Applications should work more closely with storage, even turning over some CPU work, Samsung says

It's time for enterprise applications and storage to work more closely together, even to the point where SSDs become a pool of computing power, according to Samsung Semiconductor.

The company wants industry standards for greater coordination between those elements, seeking to make data centers more efficient. The benefits could include CPUs communicating more with SSDs (solid-state drives) in the shorter term and later SSD controllers sharing application processing. The company gave no target dates for what would necessarily be a long-term effort, but it's calling on several industry groups to cooperate to make it a reality.

With just HDDs (hard disk drives), storage performance historically lagged behind computing and memory, so the functions of each have remained separate. But the advent of various tiers of solid-state storage and memory has changed the equation, said Bob Brennan, a senior vice president at Samsung Semiconductor who leads the company's Memory Solutions Lab. There are now faster drives with more built-in computing power and faster connections, he said. Servers aren't getting as much performance out of storage as they could, he told an audience Tuesday at Flash Memory Summit, in Santa Clara, California.

Samsung is looking at two possible ways to improve that picture.

One is to make applications better communicate with storage about their needs. For example, each application should be able to tell an SSD when it needs all the performance of the SSD controller, Brennan said. With that information, the controller could put off storage-specific tasks that could be done at any time, such as "garbage collection," or rearranging the bits on the SSD ahead of time for optimal performance in the future.

"For a fully loaded SSD, if you can control garbage collection at the application level, you get about 1000x reduction in latency," or the delay in delivering bits to where they are needed for processing, Brennan said.

Farther out, better coordination could allow enterprises to tap into SSD controllers as an added computing resource in their data centers. There often is excess capacity in those processors, according to Insight64 research fellow Nathan Brookwood. Even as fast as flash media can deliver bits, the highly tuned, specialized silicon in SSD controllers can work much faster, he said.

What's more, giving computing tasks to SSD controllers could mean having those chips work with the data right under their noses in the drive, slashing the delays that come from transporting bits.

The big hurdle to making that work would be the very specialization that makes those controllers so well suited to their main tasks. Unlike the server chips that do the number-crunching in data centers, they aren't x86 processors.

"Everybody in the industry has a slightly different architecture for their controller," Brennan said in an interview at the event. Splitting up tasks between an x86 CPU and an SSD controller would be a far cry from distributing them across multiple chips and cores.
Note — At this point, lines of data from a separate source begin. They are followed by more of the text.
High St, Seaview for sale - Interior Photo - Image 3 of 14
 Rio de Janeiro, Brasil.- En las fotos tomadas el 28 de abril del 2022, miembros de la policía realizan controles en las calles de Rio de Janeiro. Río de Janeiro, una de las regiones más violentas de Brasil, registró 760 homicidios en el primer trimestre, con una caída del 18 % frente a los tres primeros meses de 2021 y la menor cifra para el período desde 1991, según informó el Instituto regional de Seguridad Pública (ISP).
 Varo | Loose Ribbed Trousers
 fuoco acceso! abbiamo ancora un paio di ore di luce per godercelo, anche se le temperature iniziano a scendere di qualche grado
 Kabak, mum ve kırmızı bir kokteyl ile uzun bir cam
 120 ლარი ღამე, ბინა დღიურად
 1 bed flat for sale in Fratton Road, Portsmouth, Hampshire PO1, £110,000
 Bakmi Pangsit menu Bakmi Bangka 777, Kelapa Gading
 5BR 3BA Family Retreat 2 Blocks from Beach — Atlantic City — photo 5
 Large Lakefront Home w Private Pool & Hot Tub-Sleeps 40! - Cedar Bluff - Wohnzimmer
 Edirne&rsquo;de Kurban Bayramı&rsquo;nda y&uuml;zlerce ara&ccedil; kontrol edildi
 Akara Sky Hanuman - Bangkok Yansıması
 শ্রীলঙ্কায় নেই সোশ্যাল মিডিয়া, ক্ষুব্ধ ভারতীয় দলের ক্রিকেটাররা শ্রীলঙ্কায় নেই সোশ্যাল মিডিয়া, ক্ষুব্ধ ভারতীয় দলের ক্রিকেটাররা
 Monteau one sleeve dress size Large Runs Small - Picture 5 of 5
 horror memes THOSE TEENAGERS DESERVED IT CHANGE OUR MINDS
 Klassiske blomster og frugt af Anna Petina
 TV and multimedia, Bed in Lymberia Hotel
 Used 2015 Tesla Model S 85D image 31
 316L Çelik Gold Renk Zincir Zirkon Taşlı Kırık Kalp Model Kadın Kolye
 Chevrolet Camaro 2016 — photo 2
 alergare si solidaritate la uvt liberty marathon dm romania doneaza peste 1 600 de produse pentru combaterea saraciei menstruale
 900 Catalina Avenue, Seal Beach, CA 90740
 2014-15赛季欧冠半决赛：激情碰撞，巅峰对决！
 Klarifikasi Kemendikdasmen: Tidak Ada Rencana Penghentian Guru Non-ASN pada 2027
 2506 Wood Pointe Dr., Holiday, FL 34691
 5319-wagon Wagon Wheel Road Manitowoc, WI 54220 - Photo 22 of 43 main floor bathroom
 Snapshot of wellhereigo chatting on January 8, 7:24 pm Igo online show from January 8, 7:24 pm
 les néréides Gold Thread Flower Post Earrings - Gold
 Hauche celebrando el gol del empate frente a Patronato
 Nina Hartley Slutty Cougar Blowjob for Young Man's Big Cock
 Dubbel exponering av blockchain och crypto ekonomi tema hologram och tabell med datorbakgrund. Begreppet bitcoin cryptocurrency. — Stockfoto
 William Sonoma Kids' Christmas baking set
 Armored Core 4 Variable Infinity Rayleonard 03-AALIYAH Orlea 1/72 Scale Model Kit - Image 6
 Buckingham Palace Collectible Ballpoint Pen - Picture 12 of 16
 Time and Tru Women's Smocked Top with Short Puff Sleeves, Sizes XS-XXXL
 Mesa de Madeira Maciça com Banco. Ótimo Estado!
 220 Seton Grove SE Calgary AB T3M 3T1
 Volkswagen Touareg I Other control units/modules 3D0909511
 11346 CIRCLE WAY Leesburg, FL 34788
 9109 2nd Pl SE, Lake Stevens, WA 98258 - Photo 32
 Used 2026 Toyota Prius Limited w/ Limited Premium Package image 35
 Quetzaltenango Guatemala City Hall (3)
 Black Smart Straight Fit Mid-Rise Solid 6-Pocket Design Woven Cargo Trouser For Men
"It's a non-trivial problem," said Arun Taneja, founder and consulting analyst at Taneja Group. "I don't see a very clear path."

To bridge the gap, Samsung wants the industry to come up with standard APIs that are agnostic to controller architecture. Using an API, the application could communicate with any one of those architectures, Brennan said.

The initiative Samsung wants to kick off, which it calls Storage Intelligence, would involve SNIA (Storage Networking Industry Association), INCITS (the International Committee for Information Technology Standards) and NVM Express, the industry group that defined the NVMe common interface for SSDs.

The company sees it as "an opportunity for this next decade."

"Everyone in this room has to work together to have applications talk to storage," Brennan told the audience.

Cooperation will be key, according to Brookwood. If Samsung tried to introduce these mechanisms on its own, they wouldn't gain much traction, he said.

Samsung's goals for Storage Intelligence are in line with what the IT industry has been trying to accomplish through server virtualization and other efforts over the past several years, Taneja said.

"This is a common quest across the industry," Taneja said. "As an industry, we've wasted tons of capacity."